RECORDS FOR THIS EXERCISE:
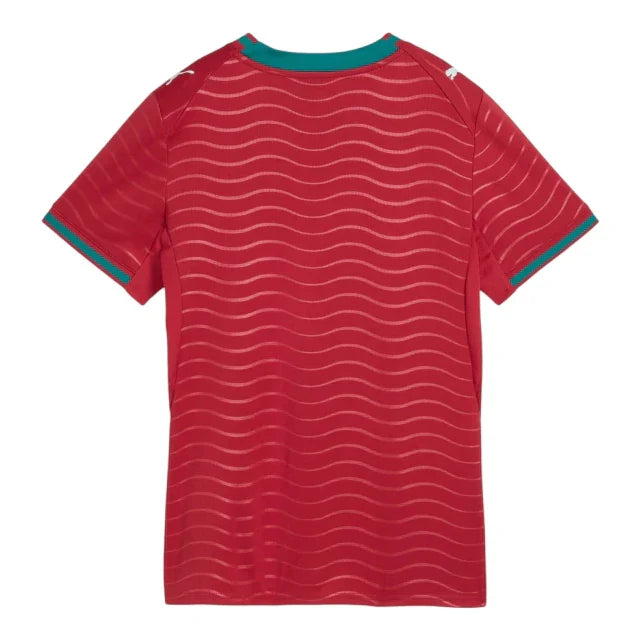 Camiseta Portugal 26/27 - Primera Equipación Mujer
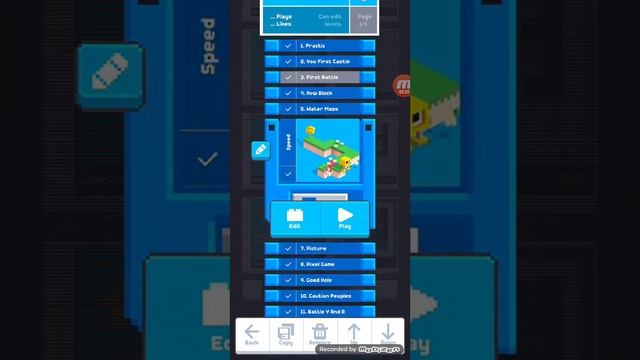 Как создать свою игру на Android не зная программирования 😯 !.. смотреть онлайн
...
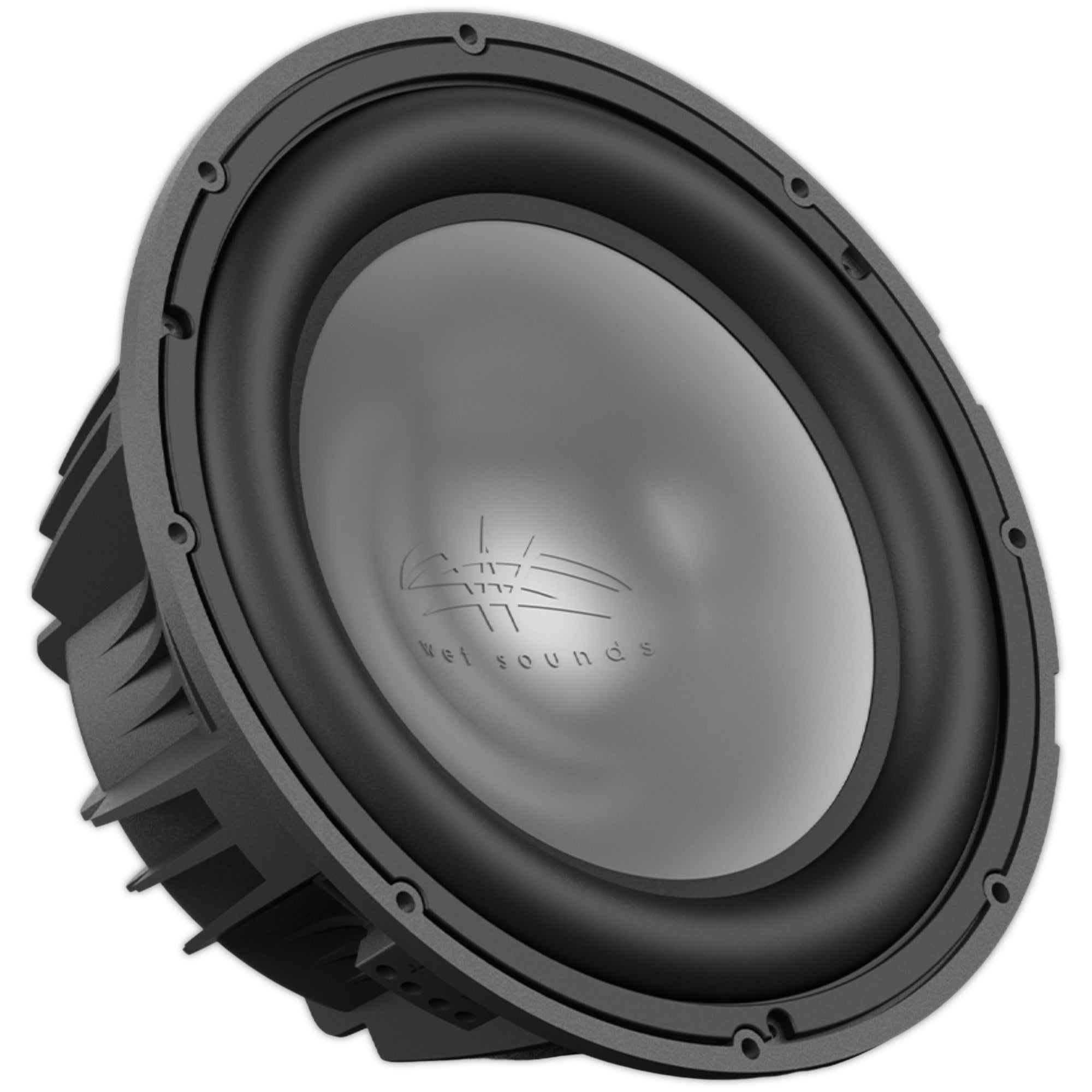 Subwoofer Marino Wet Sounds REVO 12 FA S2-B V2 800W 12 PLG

TASK TO COMPLETE: Within the material above, only the stretch from the line holding "Camiseta Portugal 26/27" through the line holding "Как создать свою" is to be restated exactly. Pictures are dropped.

WRITTEN ANSWER:
 Camiseta Portugal 26/27 - Primera Equipación Mujer
 Как создать свою игру на Android не зная программирования 😯 !.. смотреть онлайн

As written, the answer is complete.